**Given data**
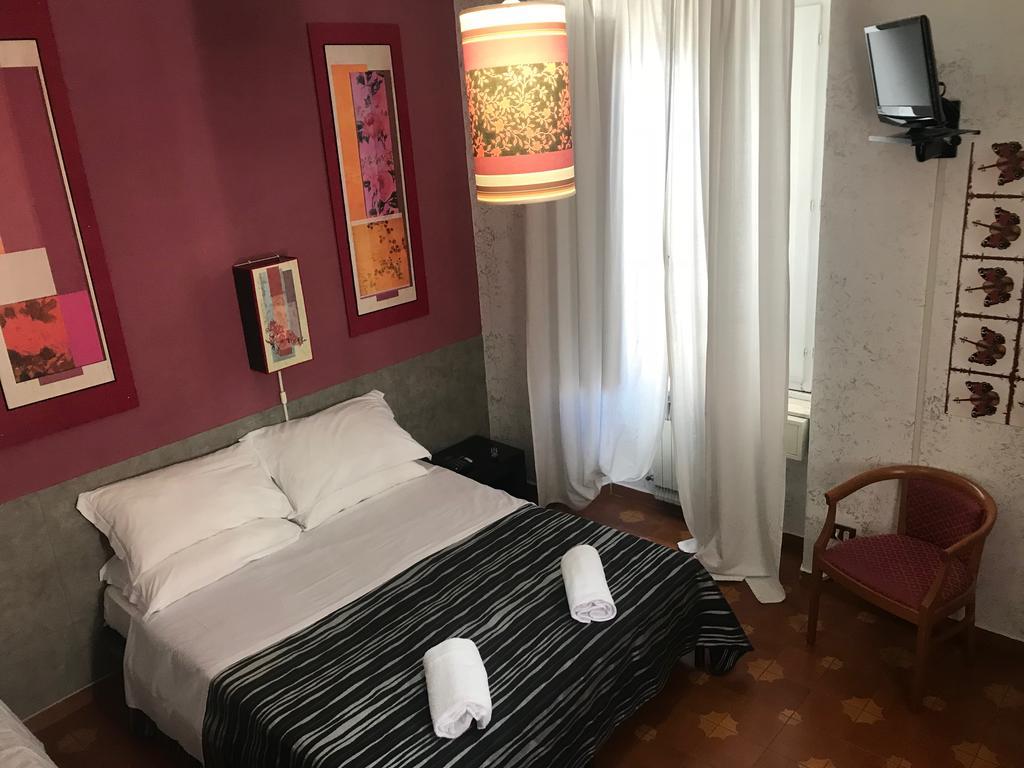 Roma Room Hotel 3*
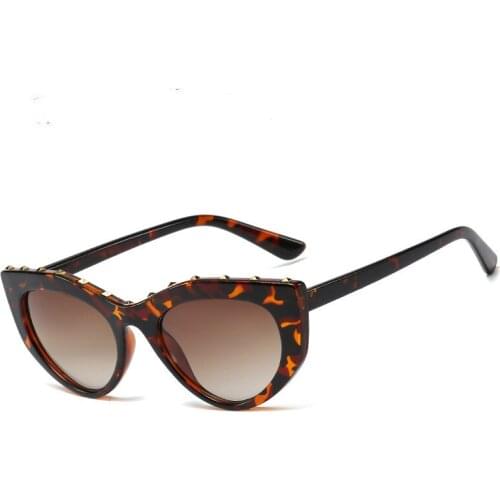 Vintage Cat Women Sunglasses Retro Designer Shades Luxury Brand Rivet Frame Sun glasses Women Sexy Triangle Sunglasses UV400 NX
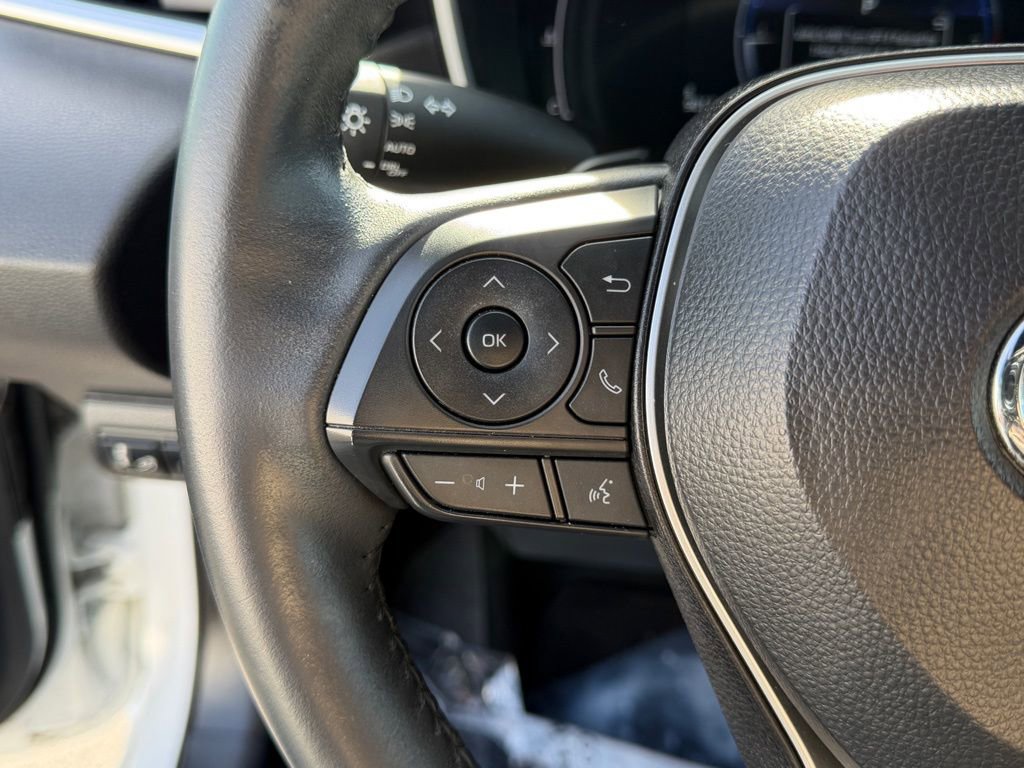 Used 2024 Toyota Corolla XSE image 30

**Exercise goal**
Only the lines from the one that holds "Vintage Cat Women" through the final line of the material should be reproduced, word for word, with the pictures omitted.

**Response to the task**
 Vintage Cat Women Sunglasses Retro Designer Shades Luxury Brand Rivet Frame Sun glasses Women Sexy Triangle Sunglasses UV400 NX
 Used 2024 Toyota Corolla XSE image 30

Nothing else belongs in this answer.